Новые сумерки следуют, День убавляется в росте. Завтрак проспавши, обедают Заночевавшие гости.«День убавляется в росте». Фраза по видимости реалистична, по сути же содержит в себе художественно значимое несоответствие. В это время года день прибывает. Так что о другой убыли, о других сумерках идет речь. Это сказано и о чувстве сжимающегося, преходящего, шагреневого времени, сменившем беспечную и доступную — протяни руку, коснись стрельчатых игл — святочную вечность… (Еще раз вспомним: «Не оглянешься — и святки…») И об отрезвляющем взгляде на людей, внезапно открывшем в них бездну прозаичности и в мгновение ока превратившем их из участников сказочного действа — в заспанных и поднадоевших гостей. И об остром, горьком понимании того, что ты — за перевалом своих возможностей, что завершился твой духовный рост и началась убыль его.
Так что же, мотив детства уступил в поздней лирике Пастернака место скорбному мотиву смерти? Сказать так — значило бы погрешить не только против истины, но и против поэта, до последнего дня пронесшего веру в перебарывающую, способную все превозмочь, «все пережить и все пройти» силу духовности. Да, холодное мерцание ухода различимо на страницах последней, не скажем — вершинной, но во всяком случае — итоговой книги. И прощание с детской беспечностью отчетливо звучит здесь. И «последнее прости» жизни, выделившей поэту «бедственное место», и отпущение грехов «великой эпохе». Но есть и ответ на вопрос: а что же будет после отрезвления (ведь если оно пришло на смену младенческой доверчивости, то, значит, и ему когда-то придется потесниться, уступить дорогу чему-то следующему: «Может быть, за годом год. Следуют, как снег идет (…)»). Ответ этот — едва ли не в каждом стихотворении цикла, где слово «вечность» звучит как никогда часто; там же, где оно не произносится, легко можно заметить неназойливую отсылку к нему.

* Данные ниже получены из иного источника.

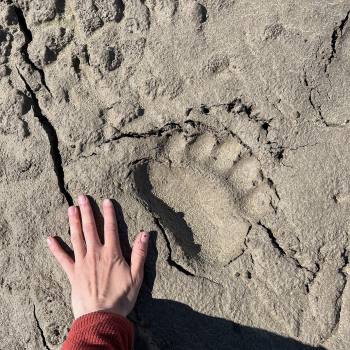 Bear print in sand at Fan Glacier, Wrangell St. Elias National Park, Alaska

(…) Привлечь к себе любовь пространства, Услышать будущего зов. («Быть знаменитым некрасиво…») (…) Там липы в несколько обхватов Справляют в сумраке аллей, Вершины друг за друга спрятав, Свой двухсотлетний юбилей. (…) Природа, мир, — тайник вселенной, Я службу долгую твою, Объятый дрожью сокровенной, В слезах от счастья отстою! (…) Прапращуром в дар поколеньям взращенный столетьями хлеб. (…) Ты — вечности заложник времени в плену! (…) Как разве только жизни впору Все время рваться вверх и вдаль.